- **Data segment**:
⁂

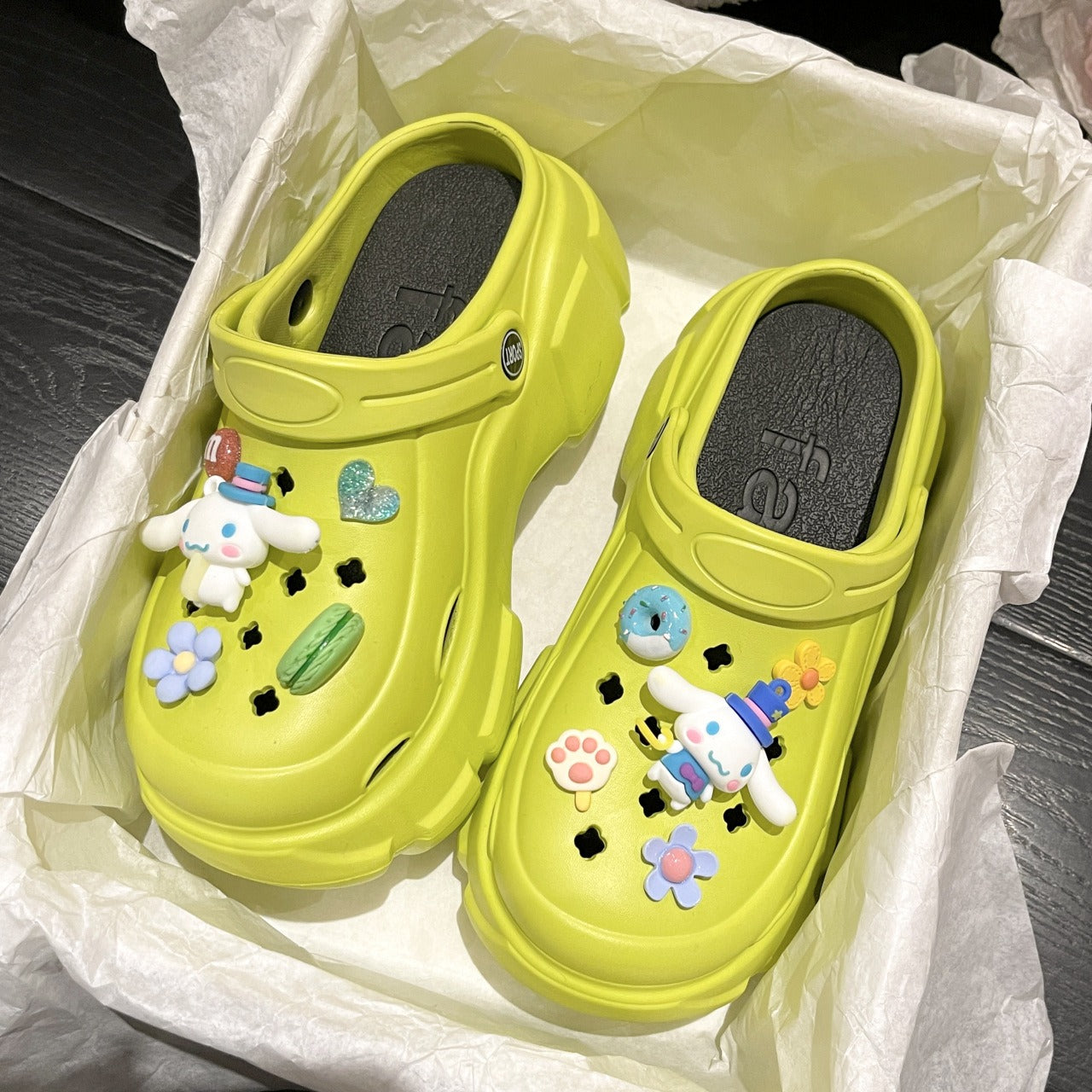 Fantasy Sandal Clogs
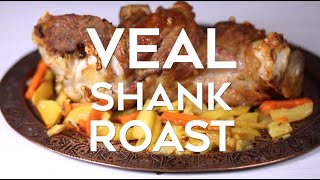 Veal Shank Roast [upl. by Malim241]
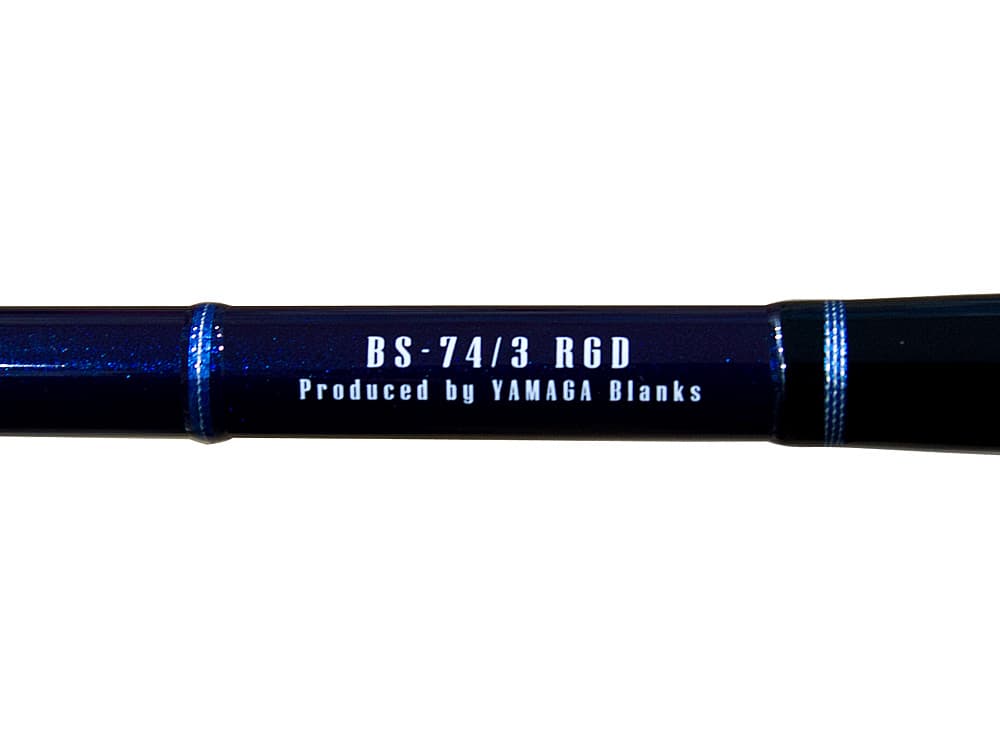 BlueSniper 74/3 RGD-Modeの画像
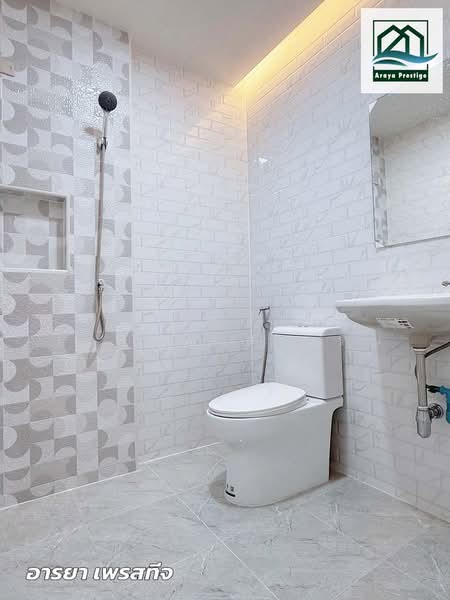 Tawanna Ville, Pathum Thani, Lam Phak Kut, Thanyaburi, Pathum Thani, 3 Bedrooms, 74 sqm, Townhouse For Sale, by วิสุทธินี เฉลิมสินสุวรรณ, 500389420 - DDproperty.com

⁂

- **Problem to solve**: Nothing but the lines from the one that contains "BlueSniper 74/3 RGD-Modeの画像" through the last line of the material should be written out, exactly. Omit pictures.

- **Exercise solution**:
 BlueSniper 74/3 RGD-Modeの画像
 Tawanna Ville, Pathum Thani, Lam Phak Kut, Thanyaburi, Pathum Thani, 3 Bedrooms, 74 sqm, Townhouse For Sale, by วิสุทธินี เฉลิมสินสุวรรณ, 500389420 - DDproperty.com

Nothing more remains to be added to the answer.